AIM says Senate tax bill good first step

It’s not perfect, but Associated Industries president Ray McCarty says Senate Bill 26 moves the ball of tax cuts down the playing field as the legislation passes the state Senate and moves on to the House of Representatives.

The legislation, sponsored by Sen. Will Kraus, R-Lee’s Summit, contains AIM’s priority legislation, a phased-in 50 percent business tax deduction by 2016. The act also exempts $25,000 of corporate income from taxation. The bill also lowers the individual and corporate state income tax by .75% over a five year period beginning with tax year 2014. The maximum tax

Sen. Will Kraus

Sen. Will Kraus

rate on corporate income would be 5.5 percent for all tax years beginning on or after January 1, 2018. At that time, the personal tax rate would be limited to 5.25 percent.

Also phased in over a five-year period will be a raise in the state sales and use tax, from 4 percent to 4.5 percent.

“The corporation income tax rate cut is not as much as we recommended in our bill,” said McCarty. “The bill also reduces taxes for individuals, and because it reduces the rate on individuals, it’s very expensive.”

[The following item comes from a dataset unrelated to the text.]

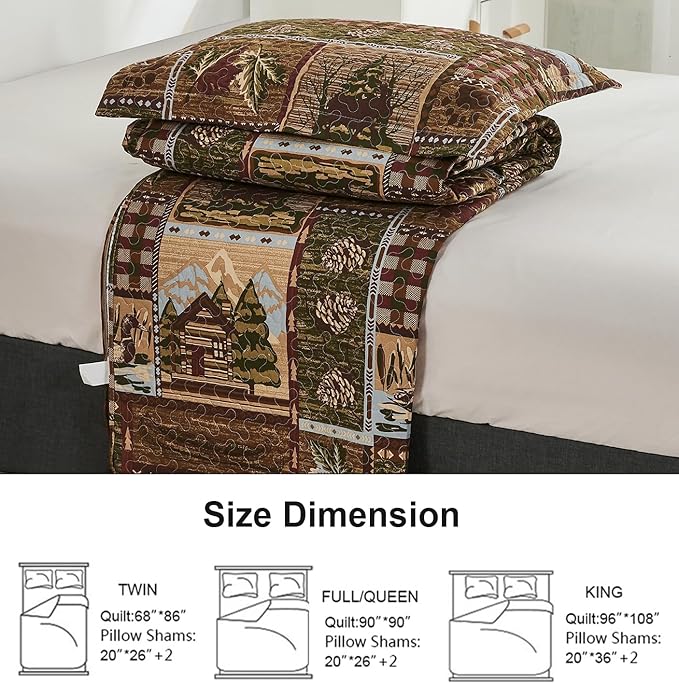 Moose Bear Quilt Set Full/Queen Size Rustic Cabin Bedding Set Reversible Quilts Home Lodge Bedspread Coverlet Wildlife Bears Pine Tree Bedding Woodland Plaid Patchwork Quilted Bed Spread Country Decor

Hence the raise in the state sales and use tax, which has triggered a negative response from Governor Nixon.

“We would prefer to eliminate that altogether,” said McCarty.

McCarty favors reducing the taxes on business income alone, or the approach of State Representative T.J. Berry, R-Kearney, in House Bill 253, which sets Missouri on a schedule to reduce business taxes by 50 percent over a five-year period, but only if state revenues continue to grow. That bill currently sits on the calendar of the House Rules Committee.

McCarty says Senate Bill 26 is a very broad look at the way taxes work in the state of Missouri. On the Senate floor Tuesday, Kraus described his bill as a shift in philosophy away from income based taxes to consumption based taxes.

“We do still have to look at what the impact of that might be,” said McCarty. “The jury is still out on whether the sales tax increase is something that we would trade for the reductions in corporate income tax. It’s something we’re trying to find out from our partners where they stand with that.”

McCarty says there is still time in the legislative session to work on Senate Bill 26 as it works its way through the legislative process. The bill is now in the hands of the House of Representatives, and McCarty says the bill is not the finished product yet.

“The way the Senate finished the bill is not the final chapter in the bill,” said McCarty. “And we will continue to work on the House side to improve it. The Senate moving the bill on to the House is a good first step.”